I got out my cookie books and we looked through pictures and I tried to get her to try something new. No such luck. She wanted Chocolate Chip Cookies!
There was no changing her mind. That’s what she wanted – so that’s what we made. I rummaged through my books and magazines and found a recipe that claimed to be soft and chewy for days. I had to try it.
Here I am, 4 days later, eating the LAST soft and chewy Chocolate Chip cookie knowing that I will never again make the recipe on the back of the chocolate chip bag!
I found this recipe in the March magazine from The Food Network, Chocolate Issue.
Once your batter is made, you can let it sit in the fridge for an hour, but overnight is best.

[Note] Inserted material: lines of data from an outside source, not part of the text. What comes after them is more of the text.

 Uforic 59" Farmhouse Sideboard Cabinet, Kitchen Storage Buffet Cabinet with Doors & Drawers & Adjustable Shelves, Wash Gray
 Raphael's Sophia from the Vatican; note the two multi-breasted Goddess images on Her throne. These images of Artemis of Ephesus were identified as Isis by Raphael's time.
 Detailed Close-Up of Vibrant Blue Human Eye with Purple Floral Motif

Got that? Put it in the fridge and don’t pick at it. (It’s so hard to ignore it in your fridge.) The time in the fridge allows the butter and flour to hang out together and helps to keep the cookie soft after baking. Trust me on this. Just try it once and I promise you, you’ll love the results!

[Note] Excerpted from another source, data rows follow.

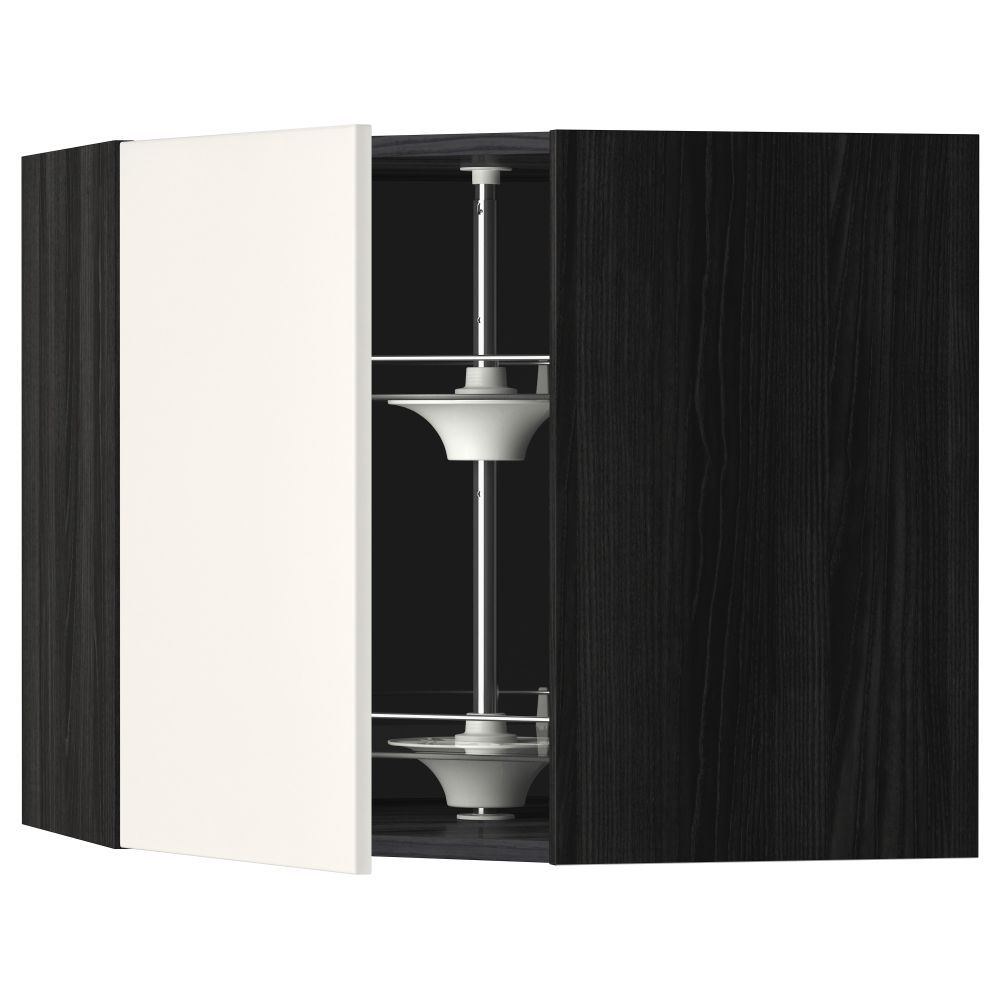 Угловой навесной шкаф с вращающейся секцией МЕТОД, черный, Веддинге белый - схема-чертеж с размерами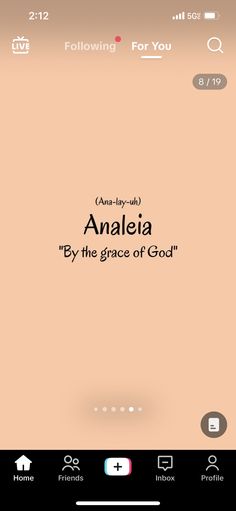 an iphone screen with the words analiaa by the grace of god on it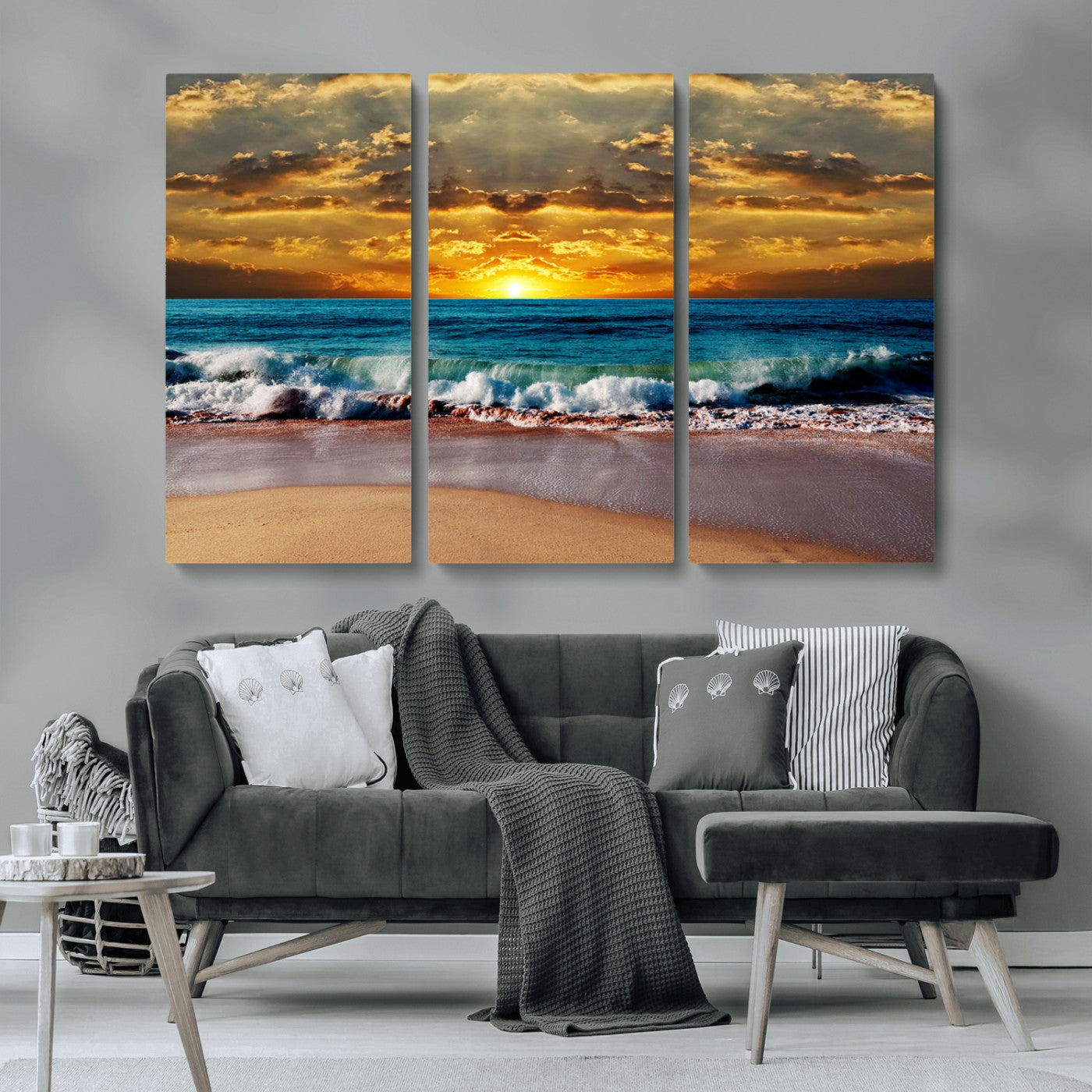 MGV-CV-48X32-3P - Ocean Sunrise Over Golden Beach Waves, Giclee Canvas Wall Art Set, High-Quality Stretched Canvas Print, Ready to Hang Coastal Sunset Wall Decor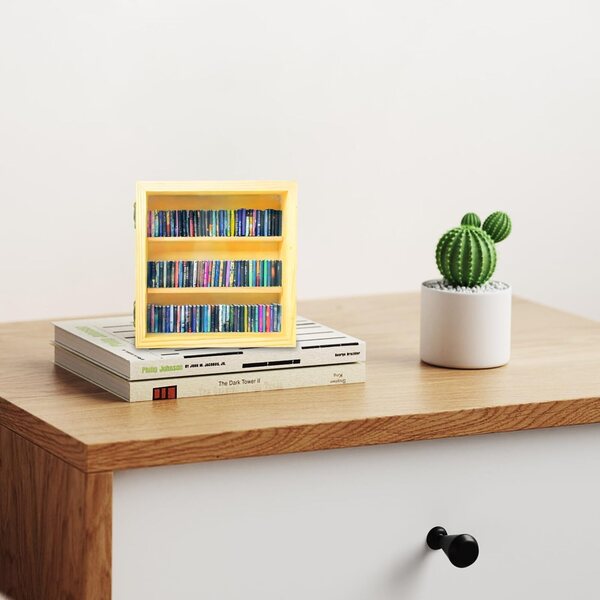 Mini biblioteca in legno con 70 mini libri per arredamento e collezionisti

As I was baking them, I remembered this post and decided to give it a try.
I took my Oreos, sandwiched with two scoops of cookie dough, and then bake them.
These were HUGE!! And such a sinful delight!
Sooooo not on the diet!
So, I made them on Saturday and just left them on my covered cake dish.
It’s now Tuesday night, and the last one was still soft and perfect! I swear that these Soft and Chewy Chocolate Chip Cookies are just that good!
The brown sugar in the recipe is what helps make them so moist. I have not come across another chocolate chip cookie recipe with this much brown sugar compared to granulated sugar.
I can’t believe we ate ALL of them.
- 2-3/4 C Flour
- 1 tsp Salt
- 1 tsp Baking Powder
- 1 tsp Baking Soda
- 2 1/2 sticks Butter
- 1 3/4 C Dark Brown Sugar – packed
- 1/4 C Granulated Sugar
- 2 Eggs
- 2 tsp Vanilla Extract
- 2 C Chocolate Chips
- Mix the flour, salt, baking soda and baking powder. Set aside.
- Cream butter and sugars on medium speed until fluffy. Beat in the eggs one at a time then add vanilla. Reduce the mixer speed to low and mix in the flour mixture until combined. Stir in the chocolate chips by hand.
- Cover with plastic wrap and set in the fridge for at least an hour, but overnight is best.
- Preheat oven to 375 deg F and line cookie sheets with a baking mat. I used a cookie scoop to measure out the batter and left them as balls. I tried a batch that was slightly flattened, and the rounded ones looked better.
- Bake for 10 – 12 minutes until the edges are golden and the middles are still soft. Let cookies cool on the cookie sheet for 8 minutes and then transfer to a cooling rack.